Questo è il governo israeliano più a destra di sempre ma soprattutto arriva dopo 3 operazioni militari in 6 anni nella Striscia di Gaza, praticamente un genocidio. Credo che l'ottusità della politica israeliana e la connivenza dell'occidente porterà a situazioni molto critiche in quella parte del mondo. Una delle problematiche maggiori nella striscia di Gaza è l'acqua. Nonostante sia una terra molto fertile e ricca d'acqua Israele si è impossessata del corsi d'acqua e questo renderà Gaza invivibile entro pochi anni. Quello che non possono fare con le bombe lo stanno facendo con altri metodi.
5) Dopo aver parlato di quel che noi potremmo fare per il popolo palestinese, invertiamo le prospettive: credi che ci sia qualche lezione che la sinistra italiana potrebbe imparare da chi resiste in Palestina?
Sono due realtà completamente differenti, sia politicamente che culturalmente, però sicuramente c'è voglia di resistere e organizzarsi, anche tra i giovani, per far fronte contro lo stato ebraico, questo potrebbe essere un ottimo insegnamento per noi.
6) E adesso? Quali sono i tuoi progetti per il futuro?

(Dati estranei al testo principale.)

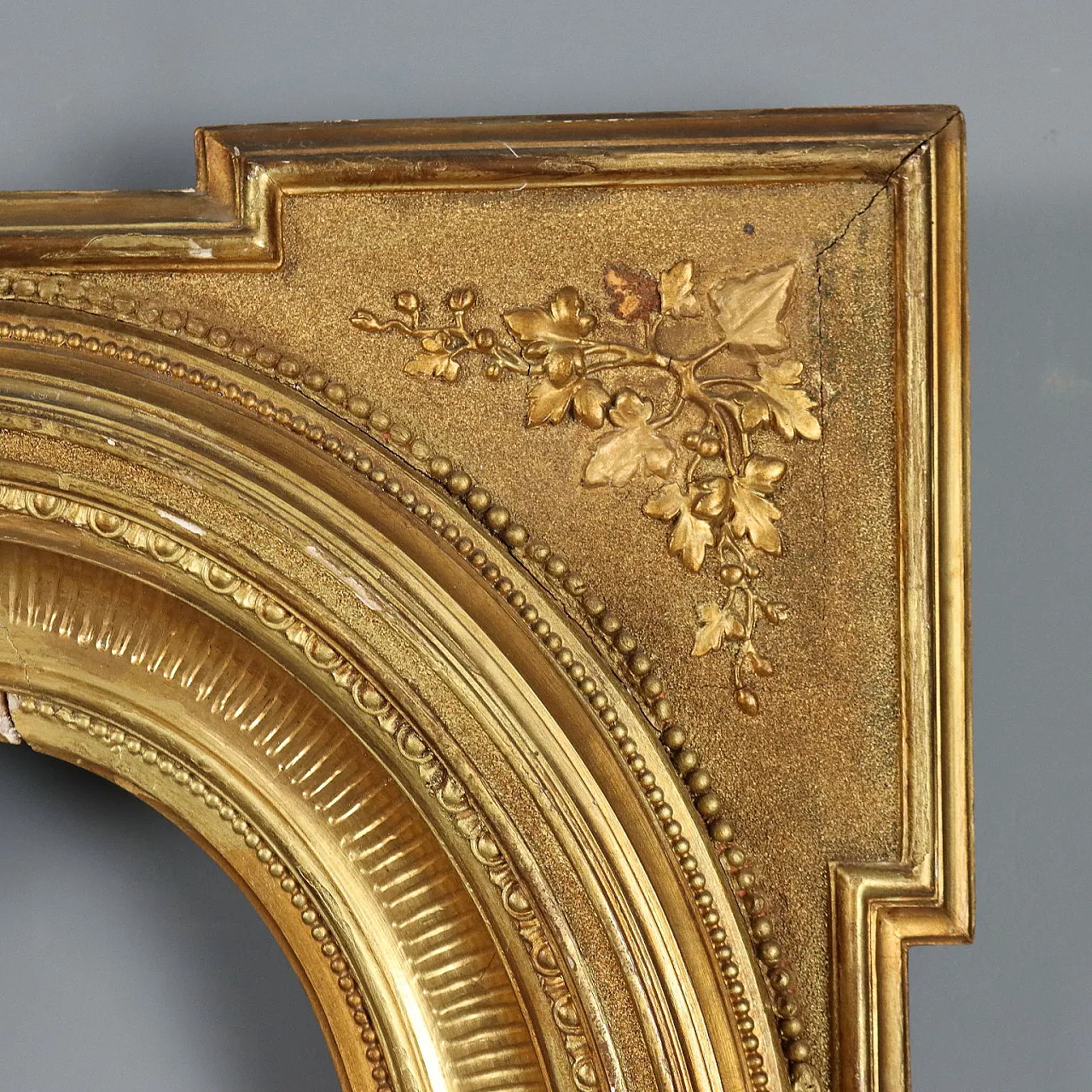 Gilded fir frame, early 19th century 4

Il libro “Befilmaker a Gaza” intanto continuerà a girare per raccogliere i fondi e tornare a Gaza per dei nuovi corsi. Ci stiamo organizzando per andare tra dicembre e gennaio prossimi. Intanto il libro è diventato uno spettacolo teatrale che sta girando per l'italia, si chiama “La bellezza resistente” e lo ha adattato Alessandra Magrini, questo mi ha reso molto felice.